A resource-group cluster of failures usually means a shared DCR, policy, or network dependency changed. A single-host failure usually means local runtime or identity drift.

// Estimate ingestion delay for recent heartbeats where data still flows
Heartbeat
| where TimeGenerated > ago(6h)
| extend DelayMinutes = datetime_diff('minute', ingestion_time(), TimeGenerated)
| summarize AvgDelay=avg(DelayMinutes), P95Delay=percentile(DelayMinutes, 95), MaxDelay=max(DelayMinutes) by OSType
Column Example data Interpretation
OSType Linux Compare platform-specific delay patterns.
AvgDelay 1.1 Healthy heartbeat flow should remain low.
P95Delay 14 High delay can make the agent look down when it is only degraded.
MaxDelay 31 Large spikes justify checking endpoint latency and backlog.

How to Read This

Use this to avoid false positives.
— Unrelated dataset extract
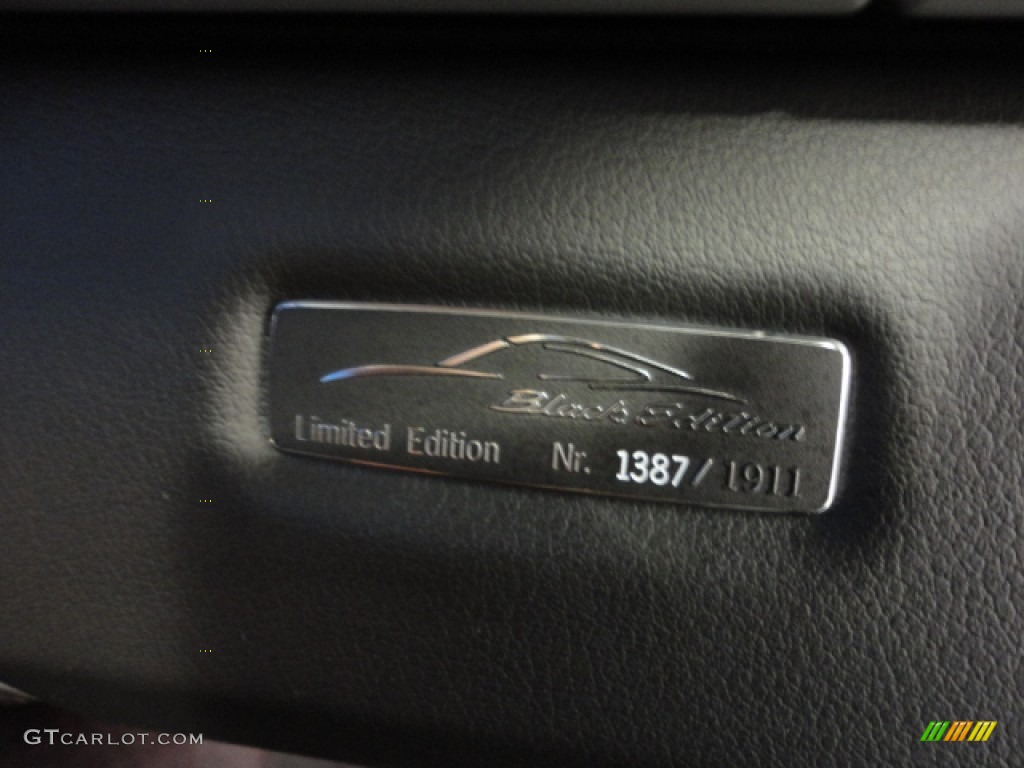 2012 911 Black Edition Cabriolet - Basalt Black Metallic / Black photo #23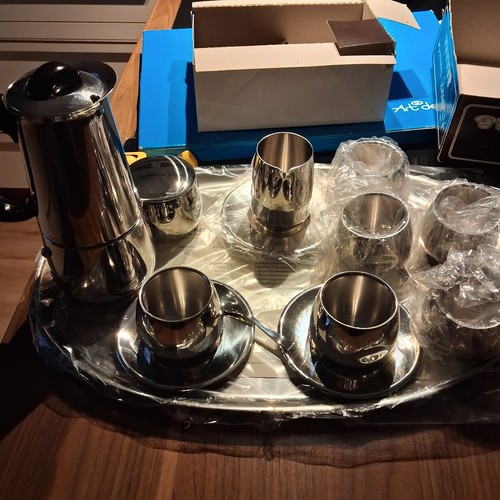 Amc espresso set - mit, tablett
If stale data later appears, you may have a degraded transport path instead of a dead agent.

5.2 CLI Investigation

# Check VM identity and provisioning basics
az vm show \
    --resource-group $RG \
    --name $VM_NAME \
    --output json

Sample output:

{
  "id": "/subscriptions/<subscription-id>/resourceGroups/rg-prod/providers/Microsoft.Compute/virtualMachines/vm-prod-02",
  "identity": {
    "type": "SystemAssigned",
    "principalId": "<object-id>",
    "tenantId": "<tenant-id>"
  },
  "location": "eastus",
  "name": "vm-prod-02"
}

Interpretation:

  • Missing identity can block AMA token acquisition scenarios that depend on managed identity.
  • Identity drift after rebuilds or automation changes is a common hidden cause.
  • Capture this before spending time on guest-side remediation.
# Confirm AMA extension deployment on the VM
az vm extension list \
    --resource-group $RG \
    --vm-name $VM_NAME \
    --output table

Sample output:

Name                    Publisher                   ProvisioningState
----------------------  --------------------------  -----------------
AzureMonitorWindowsAgent Microsoft.Azure.Monitor    Succeeded

Interpretation:

  • No AMA row means there is no agent to troubleshoot.
  • Succeeded narrows the problem to runtime state, DCR, identity, or network.
  • Extension name differs by OS, so compare against the expected Windows or Linux package.
# Check DCR association for the affected resource
az monitor data-collection rule association list \
    --resource $RESOURCE_ID \
    --output json

Sample output:

[
  {
    "dataCollectionRuleId": "/subscriptions/<subscription-id>/resourceGroups/rg-monitor/providers/Microsoft.Insights/dataCollectionRules/dcr-vm-baseline",
    "name": "ama-baseline",
    "provisioningState": "Succeeded"
  }
]

Interpretation:

  • Empty result means the VM cannot receive AMA collection instructions.
  • If the wrong DCR is associated, data may flow but not for the expected streams.
  • Use the returned DCR ID in the next command to inspect data flows.
# Inspect DCR streams and destination workspace
az monitor data-collection rule show \
    --resource-group $RG \
    --name $DCR_NAME \
    --output json

Sample output:

{
  "dataFlows": [
    {
      "streams": [
        "Microsoft-Perf",
        "Microsoft-Event",
        "Microsoft-Syslog"
      ],
      "destinations": [
        "la-workspace"
      ]
    }
  ],
  "destinations": {
    "logAnalytics": [
      {
        "workspaceResourceId": "/subscriptions/<subscription-id>/resourceGroups/rg-monitor/providers/Microsoft.OperationalInsights/workspaces/law-prod"
      }
    ]
  }
}

Interpretation:

  • If the missing stream is not listed, the agent may be healthy but collecting the wrong data set.
  • Wrong workspace destination explains why a machine appears silent in the expected workspace.
  • DCR content also helps prove whether this is one-machine drift or a fleet-wide configuration issue.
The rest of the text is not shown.